Los Angeles Mayor Eric Garcetti confirmed Wednesday that he is in talks with the International Olympic Committee to let Paris host the 2024 Olympics and have L.A. wait until 2028 in exchange for the IOC funding youth sports programs in L.A.
“As we’ve talked to the Olympics they’ve asked us to think about – both Paris and us – what would it take for us to consider one of us going first and the other going second," Garcetti said at a press conference. "My dream is not so much just to bring the Olympics here, but is to bring youth sports for free to every zip code."
Garcetti added that he wanted the funds to be distributed "right now."
LA2024 declined to comment on Garcetti's remarks. Garcetti's spokesman, Alex Comisar, said he had no details to add beyond what the mayor said.
Next week, the International Olympic Committee's executive board will consider a proposal for a rare two-city bid, something the full IOC would vote on in July.
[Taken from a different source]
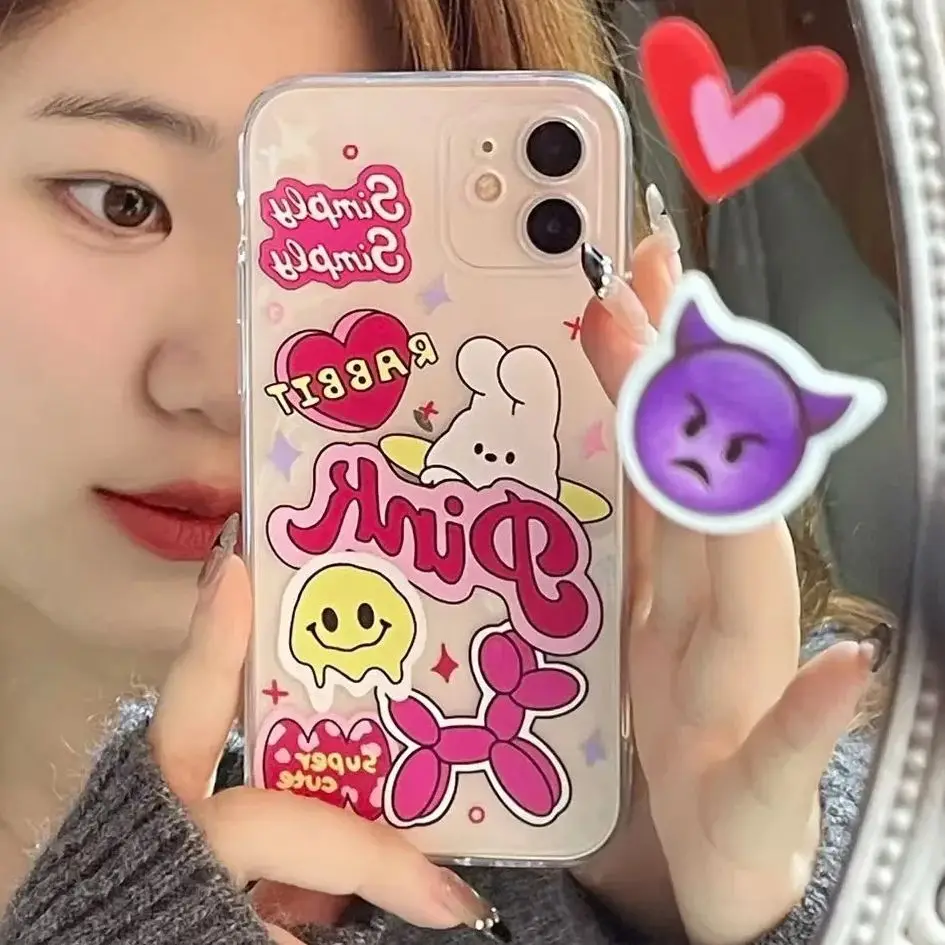 Trojan Pink Rabbit Simply Super Cute Phone Case For iPhone 15 14 13 12 11 Pro Max XR XS Max 7 8 Plus MINI Y2K Girl Gift Cover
The Wall Street Journal reported Tuesday that the IOC is leaning towards awarding Paris the 2024 games and L.A. 2028, and that in addition to youth sports the IOC would also kick in funding for L.A.'s Olympic organizing committee to keep operating an additional four years.
Previously, Garcetti seemed cool to the idea of waiting until 2028.
"We’re eager, ready and excited to host 2024 and that is all we are focused on," Garcetti said in January.
But his stance has softened in recent weeks as it appears more likely the IOC will award a dual bid. On Wednesday, seeming to refer to President Donald Trump's unpopularity around the world, he suggested L.A. should be happy to get an Olympics at all.
"Given some of the challenges we face globally right now with leadership, that would be I think quite a coup and something for us all to celebrate," Garcetti said.
The 1984 L.A. Olympics generated a $250 million surplus, and that money has been used ever since to fund sports in Southern California through the LA84 foundation.